Friday, June 3, 2011

Voyage in the Dark by Jean Rhys

This is the first novel in The Complete Novels of Jean RhysThis novel is one of the Fifteen in 2011. It is also the first of the 3 books per month I'll be reading for "Books I Should Have Read by Now" Challenge (heretofore referred to as BISHRBN Challenge)
Voyage in the Dark by Jean Rhys is supposedly a semi-autobiographical novel that, if you ask me, is short enough that I honestly consider it more a novella.  The story is simple–a chorus girl goes out on a double date of sorts and gets caught up in a relationship that is doomed before it even begins.  The consequences of what happens next, the final climactic choice she must make, are all told through an interesting first person voice.

It is immediately apparent that Rhys is embracing the use of psychological insight and stream-of-consciousness throughout the novel.  The narrator, Anna Morgan, remains somewhat enigmatic throughout, thinking her way through her circumstances.  It is almost as if the reader has more feeling for her regarding her situation than she herself, as she tries to survive by distancing herself.

I found myself reading this novel and thinking that it reminded me a lot of Anais Nin’s Spy in the House of Love.  The tone and mood are solid throughout and the story pathetic in the purest sense of the word.  If Anna doesn’t feel her experiences deeply as she over-analyzes everything, the reader is allowed to feel for her, knowing the writing is there on the wall and wishing it were otherwise.

A lovely evocative novel but not one I think most people will like.  Which is probably why I did.


  1. Great review!
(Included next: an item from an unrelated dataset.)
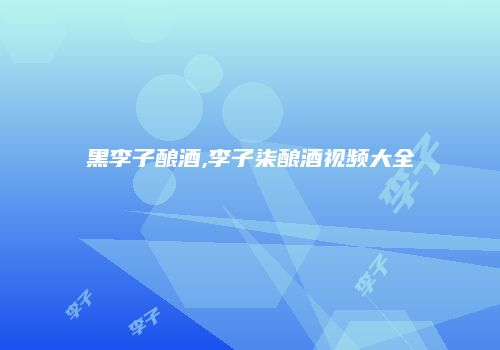 黑李子酿酒,李子柒酿酒视频大全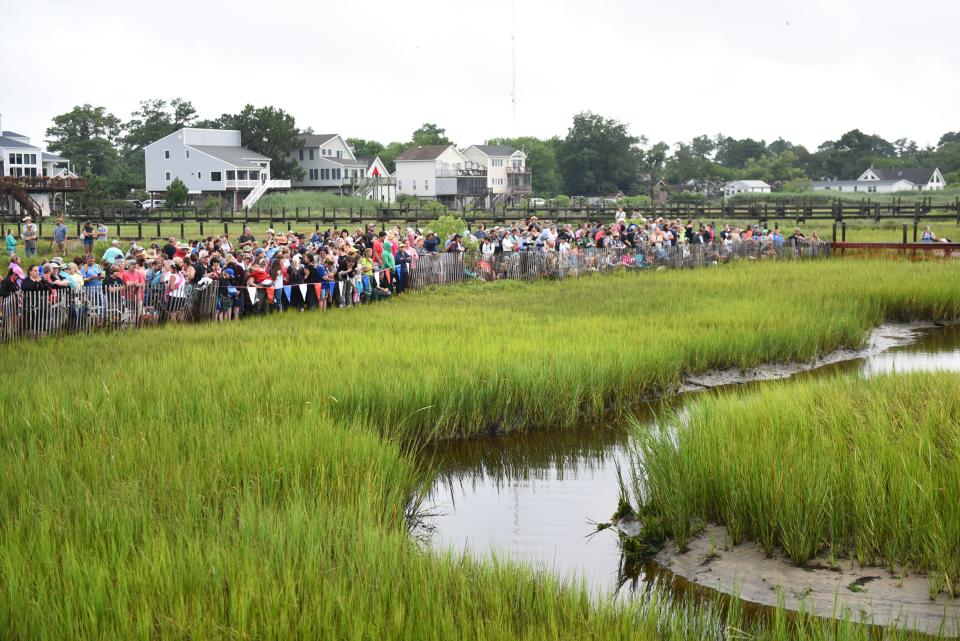 Crowds waded through water, trekked across muck, hung in trees and clung to docks just to get a good view of the Pony Swim on Chincoteague Island on July 24, 2019.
I also love the abbreviation of the challenge name. Next time I host one I won't make the title of it so long. :)

  2. Not a problem that the challenge title is so long. As you can see, I am not afraid of acronyms. And the challenge is encouraging me to read those books I've been wanting to read and/or should have read so I'm having fun.

  3. I have to read this novel next semester for one of my classes. Thank you for the keen insight. :)

  4. Glad my review was of help.

    I would recommend Jean Rys by Sylvie Maurel. If you search "Sylvie Maurel" in my other blog, you'll see I have a few quotes from her book. (I apologize for not having the page number for one. I've put in a request at the library to borrow the book again so I can rectify that asap.)

    There are other quotes in the book about other novels by Rhys that you may find useful in your class next semester. Good luck!